When the students return “home” to Houghton this fall, they will find the campus living room—the Van Dyk Lounge—stylishly but comfortably refurbished. This gathering area serves our student body as a study room, a place to rendezvous with friends, the entrance to our campus store and the site of evening coffee houses. It is also the proverbial front porch through which we at the college welcome visitors, including parents, off-campus guests and prospective students.
We owe the spirit of warmth and hospitality in the campus center to Bob and Elizabeth Van Dyk ’75, for whom the lounge is named. This is not the only space on campus that has benefited from the Van Dyks’ generous support over the years. Their vision and support have also enabled us to establish the Van Dyk Fitness Center, located in Nielsen Physical Education Center (also renewed and upgraded this past summer); remodel the lower level of the Campus Center; and, most recently, create The Robert and Elizabeth Van Dyk Data Science Analytics Suite in the Center for Data Science in the Paine Science Center and the Van Dyk Scholars program. Each of their commitments is intentionally designed, above all, to enrich the student experience at Houghton College.
We recently spoke with Bob and Elizabeth about the reasons for their longstanding investment in Houghton. Given their own successful careers in a range of areas, including health care and medical equipment sales, respectively, and their deep engagement with non-profit fundraising for Alzheimer’s research, plus their love of international travel, it is definitely a deliberate choice to stay connected to Houghton. In addition to their financial contribution, Bob has served for many years on the President’s Advisory Board under both Presidents Chamberlain and Mullen, including a term as the chair of that group.
For Bob, Class of 1975, it is all about Houghton’s impact, which he first witnessed in his daughter, Kristina, Class of 2005, who has become a highly successful artist, children’s book writer, entrepreneur and supporter of children’s orphanages overseas. But this impact goes beyond a personal connection. It is the kind of impact that Houghton graduates in general have on the world because of their “scholar-servant” mentality. As a savvy investor, Bob enjoys knowing that his commitment to Houghton pays dividends for the world. In particular, Bob has noted with appreciation the way that Houghton has sought to “skillfully navigate the changing circumstances of our world in such a way to remain relevant and effective while also remaining loyal to its core Christian values.” Elizabeth, who saw Houghton for the first time through Bob’s eyes, has come to treasure the place for herself. She likes the feeling of “home” and safety that the campus engenders, noting her initial surprise when she saw a stack of unattended backpacks in the Ladies Lounge on her first visit to Houghton. Elizabeth, like Bob, values Houghton’s commitment to prepare graduates with a clear sense of identity and integrity who are also ready to translate those qualities of character into a world of ongoing change.

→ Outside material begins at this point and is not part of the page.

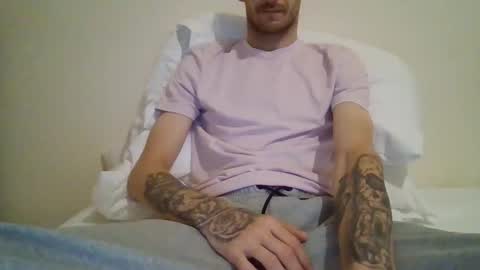 420feetloverr420 online show from September 19, 2025, 10:10 pm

Both Bob and Elizabeth have cultivated in their own lives the values that they hope to see cultivated in Houghton students. They seek to treat others as they would want to be treated, recognizing that this is more important than ever in a world that is increasingly suspicious of Christian language without actions that match. Elizabeth emphasized the importance of focusing on the needs of clients more than on how to beat out the competition. “Do the right thing,” she said, “and the rest will care for itself.”

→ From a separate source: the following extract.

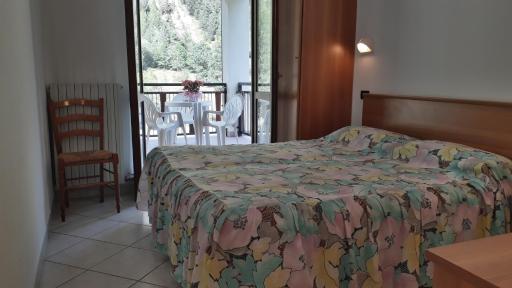 Hotel Roburent - Housity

They strive to practice transparency and integrity—and always humility. Bob credited Louise Penny, a writer of mystery novels, as an unexpected source of the wisdom when her main character described success in life and business as the ability to say, “I don’t know,” “I need help,” “I’m sorry” and “I was wrong.”
They are testimonies to the surprises of life. Neither of them ended up in places they would have imagined during college. They emphasize to young people the importance of being open to new ideas, considering all options, being willing to change one’s mind and, above all, being committed to one’s own core values. In Bob and Elizabeth, we see individuals who have dared to be themselves. (Kierkegaard would say they have dared to be “originals and not copies.”)
Bob and Elizabeth demonstrate the importance of hard work, careful planning and a focus on helping others find solutions. Today, Bob and Elizabeth are seeking to provide state-of-the-art care amid the COVID-19 pandemic for their nationwide work in elder care. As we thank them for their ongoing generosity to Houghton, we also join them in their tireless pursuit of creative ways to address new challenges, their willingness to reckon with the complexity and persistent uncertainty of this current public health crisis, and their commitment to be part of a community committed to learning together for the good of the world.